Exercise aim:
In the material below, find the line with "So part one" and the line with "All you need", then output both and every line between them exactly, omitting pictures.

Data in this exercise:
──────

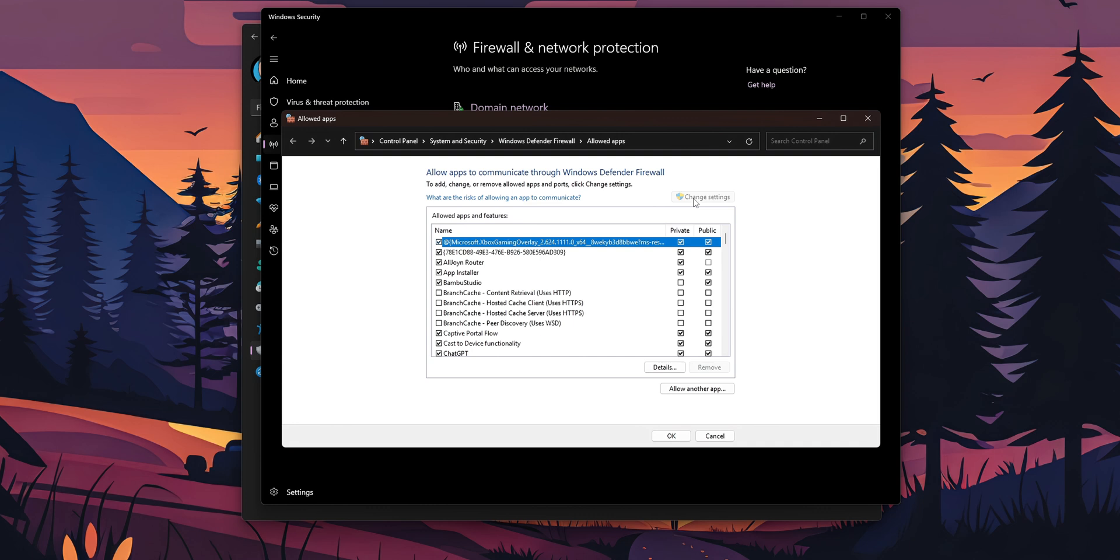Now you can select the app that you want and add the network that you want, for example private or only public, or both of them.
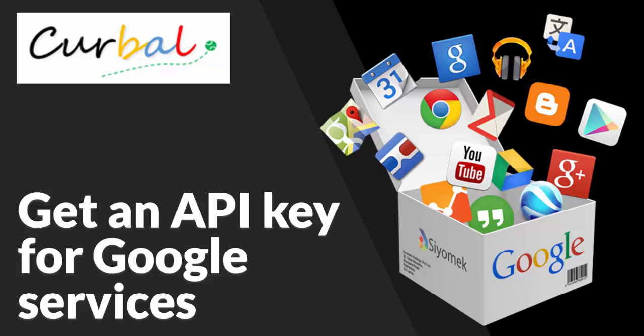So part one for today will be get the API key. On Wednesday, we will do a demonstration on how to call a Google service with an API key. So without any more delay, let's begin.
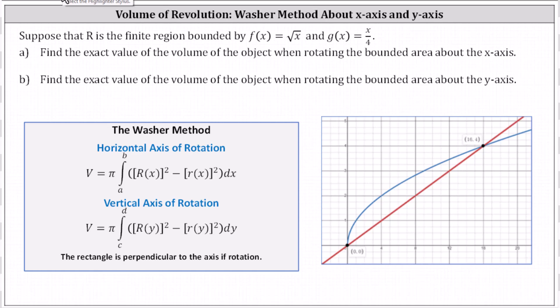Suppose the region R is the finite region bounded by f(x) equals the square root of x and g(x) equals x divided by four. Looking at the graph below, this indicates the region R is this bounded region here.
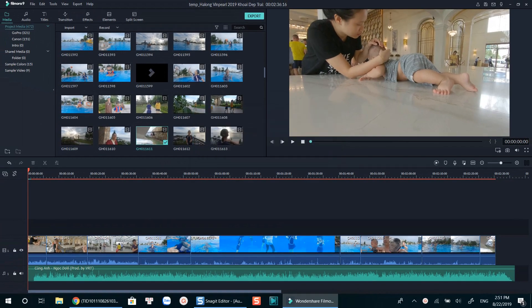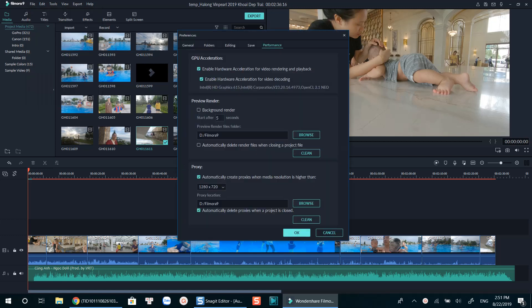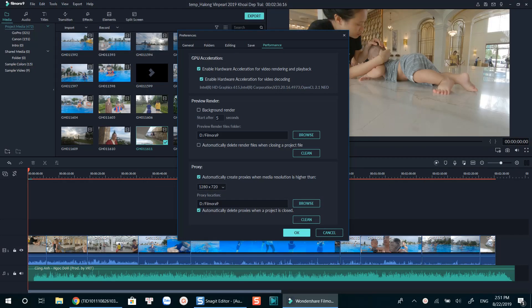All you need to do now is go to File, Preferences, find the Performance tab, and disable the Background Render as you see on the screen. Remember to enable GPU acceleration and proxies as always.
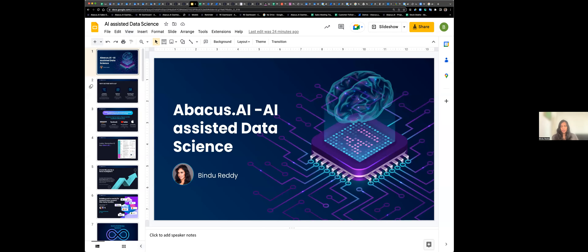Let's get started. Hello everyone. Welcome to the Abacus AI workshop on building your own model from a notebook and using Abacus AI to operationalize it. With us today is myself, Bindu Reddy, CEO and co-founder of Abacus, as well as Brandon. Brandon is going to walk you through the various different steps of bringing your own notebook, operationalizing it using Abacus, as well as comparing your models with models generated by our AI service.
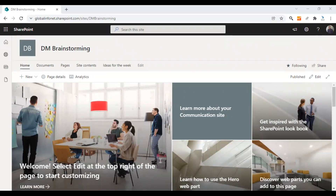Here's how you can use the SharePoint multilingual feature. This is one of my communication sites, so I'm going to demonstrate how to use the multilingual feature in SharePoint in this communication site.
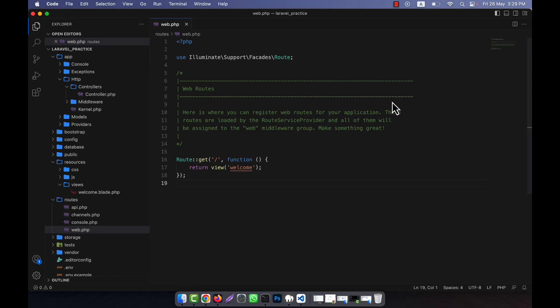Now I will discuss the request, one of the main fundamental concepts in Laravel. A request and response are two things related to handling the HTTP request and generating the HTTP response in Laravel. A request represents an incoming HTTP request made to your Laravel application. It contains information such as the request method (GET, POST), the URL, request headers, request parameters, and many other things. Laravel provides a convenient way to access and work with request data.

──────

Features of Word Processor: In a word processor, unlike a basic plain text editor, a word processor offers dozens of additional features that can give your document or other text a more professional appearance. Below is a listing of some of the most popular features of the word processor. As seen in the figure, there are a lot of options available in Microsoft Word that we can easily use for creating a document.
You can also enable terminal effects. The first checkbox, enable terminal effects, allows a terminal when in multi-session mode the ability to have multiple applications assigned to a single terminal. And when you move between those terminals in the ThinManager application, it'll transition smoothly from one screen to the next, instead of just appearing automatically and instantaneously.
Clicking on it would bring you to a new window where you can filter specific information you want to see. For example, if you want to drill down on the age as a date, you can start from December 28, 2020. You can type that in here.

──────

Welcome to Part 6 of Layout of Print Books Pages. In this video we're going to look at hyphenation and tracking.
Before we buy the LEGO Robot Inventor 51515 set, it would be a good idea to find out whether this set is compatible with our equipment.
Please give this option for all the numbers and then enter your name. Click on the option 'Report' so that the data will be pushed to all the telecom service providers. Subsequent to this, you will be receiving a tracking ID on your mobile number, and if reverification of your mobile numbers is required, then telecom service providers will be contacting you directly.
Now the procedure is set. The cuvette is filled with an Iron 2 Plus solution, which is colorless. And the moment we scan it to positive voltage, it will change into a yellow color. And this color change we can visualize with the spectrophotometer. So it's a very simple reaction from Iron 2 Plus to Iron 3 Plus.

──────

Problem solution:
So part one for today will be get the API key. On Wednesday, we will do a demonstration on how to call a Google service with an API key. So without any more delay, let's begin.
Suppose the region R is the finite region bounded by f(x) equals the square root of x and g(x) equals x divided by four. Looking at the graph below, this indicates the region R is this bounded region here.
All you need to do now is go to File, Preferences, find the Performance tab, and disable the Background Render as you see on the screen. Remember to enable GPU acceleration and proxies as always.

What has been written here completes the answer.